[Start of section]
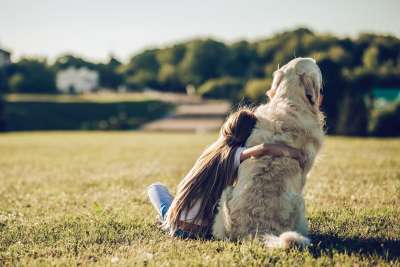Girl hugging her dog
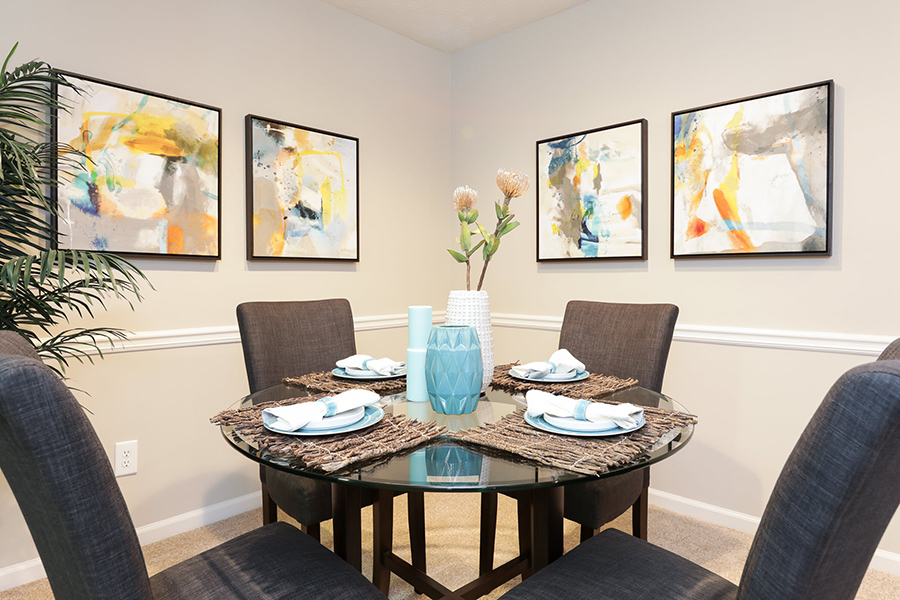 Apartment dining area with wall art, round dining table with place settings, and four tall chairs.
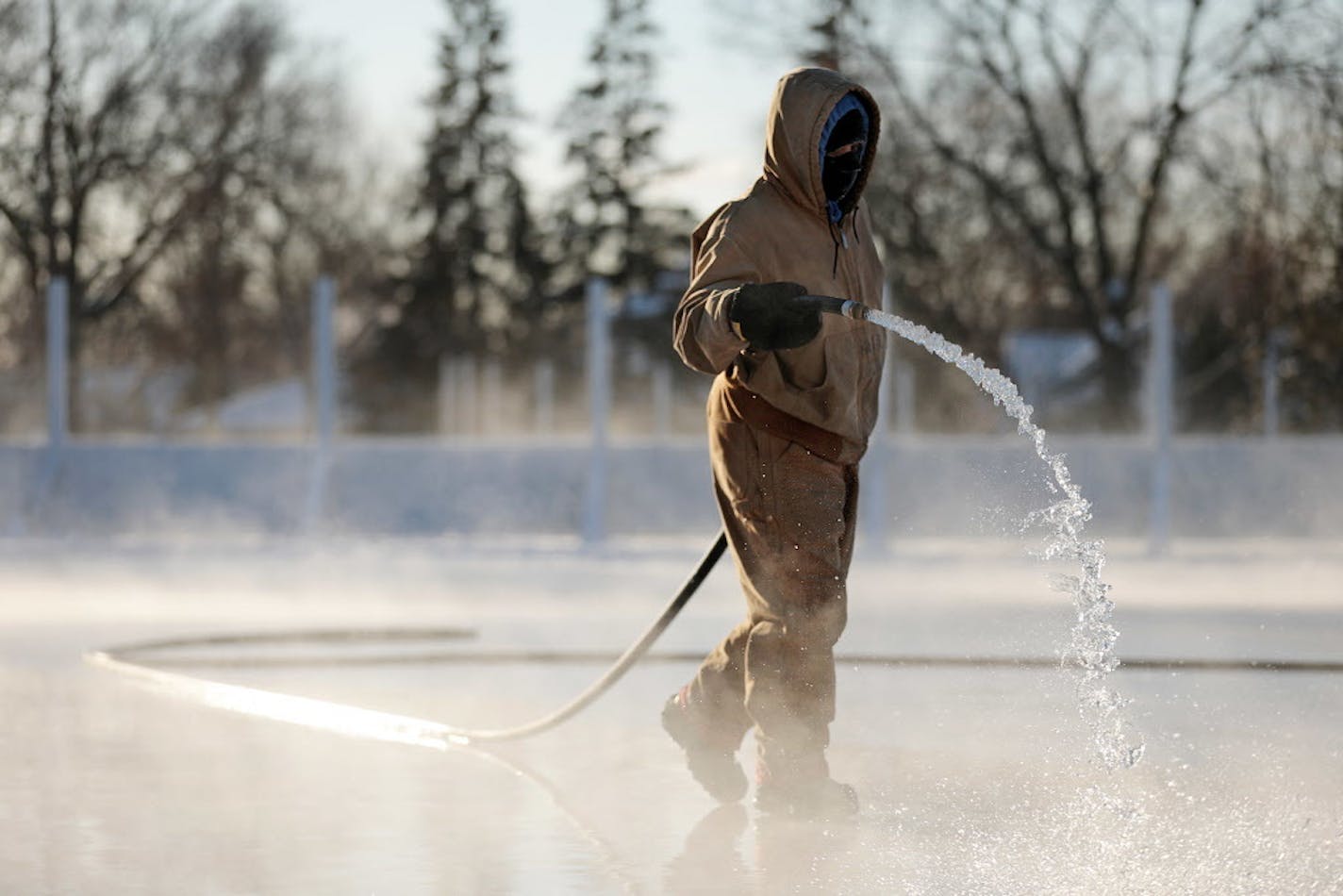 Tiara Medlock, a park keeper with the Minneapolis Parks and Recreation maintenance department, sprayed water to form an ice skating rink at Windom Park as temperatures dipped below 0 Thursday.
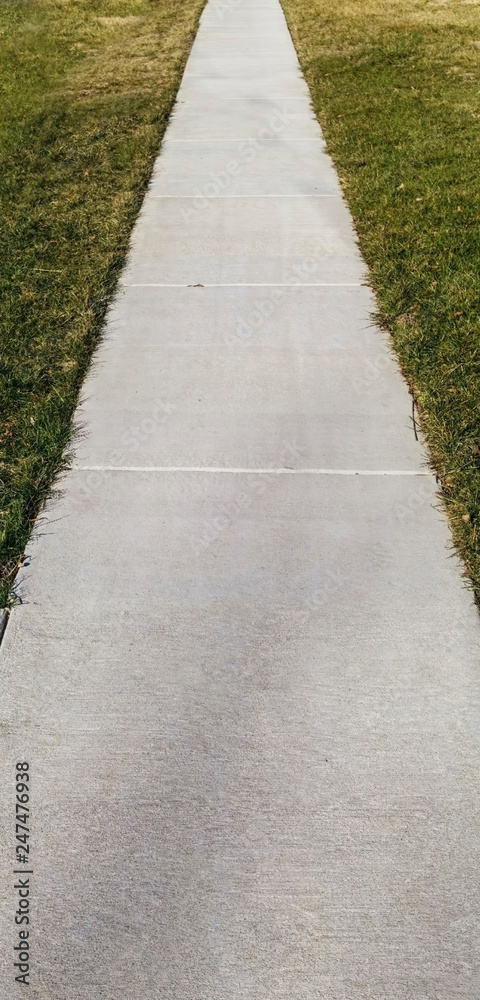 Perspective of neighborhood sidewalk flanked by grass.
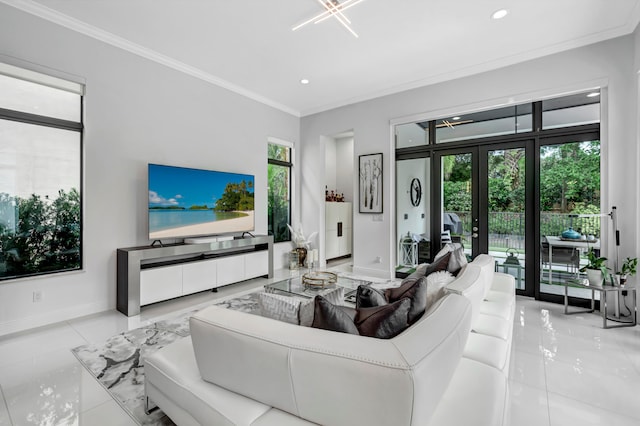 tiled living room with crown molding and french doors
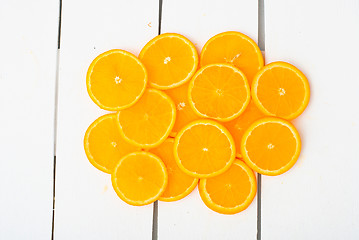 Image showing Colorful citrus fruits on the rustic white background.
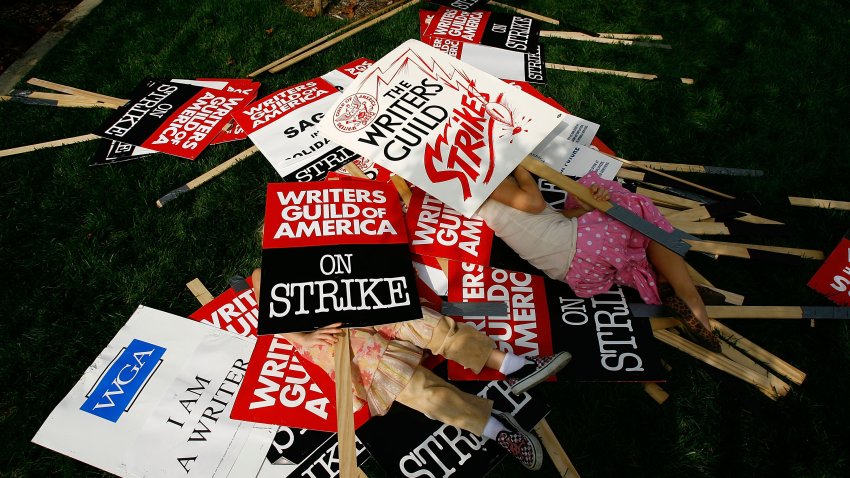 LOS ANGELES, CA – NOVEMBER 09:  Four-year-old Beau Staun-List and eight-year-old Soleil Staun-Snyder (R), whose father Steven List is a striking writer, play in a pile of strike signs as more than 3,000 movie and television writers and their supporters rally outside Fox Studios on the fifth day of their strike against the producers and studios that use them on November 9, 2007 in Century City, California. Television shows are increasingly being force to show re-runs as 12,000-member Writers Guild of America (WGA) strike for a greater share of new media revenue.  (Photo by David McNew/Getty Images)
[End of section]
◆ Exercise directions ◆
Transcribe every record above exactly as written, leaving out any pictures.

◆ Answer box ◆
Girl hugging her dog
 Apartment dining area with wall art, round dining table with place settings, and four tall chairs.
 Tiara Medlock, a park keeper with the Minneapolis Parks and Recreation maintenance department, sprayed water to form an ice skating rink at Windom Park as temperatures dipped below 0 Thursday.
 Perspective of neighborhood sidewalk flanked by grass.
 tiled living room with crown molding and french doors
 Image showing Colorful citrus fruits on the rustic white background.
 LOS ANGELES, CA – NOVEMBER 09:  Four-year-old Beau Staun-List and eight-year-old Soleil Staun-Snyder (R), whose father Steven List is a striking writer, play in a pile of strike signs as more than 3,000 movie and television writers and their supporters rally outside Fox Studios on the fifth day of their strike against the producers and studios that use them on November 9, 2007 in Century City, California. Television shows are increasingly being force to show re-runs as 12,000-member Writers Guild of America (WGA) strike for a greater share of new media revenue.  (Photo by David McNew/Getty Images)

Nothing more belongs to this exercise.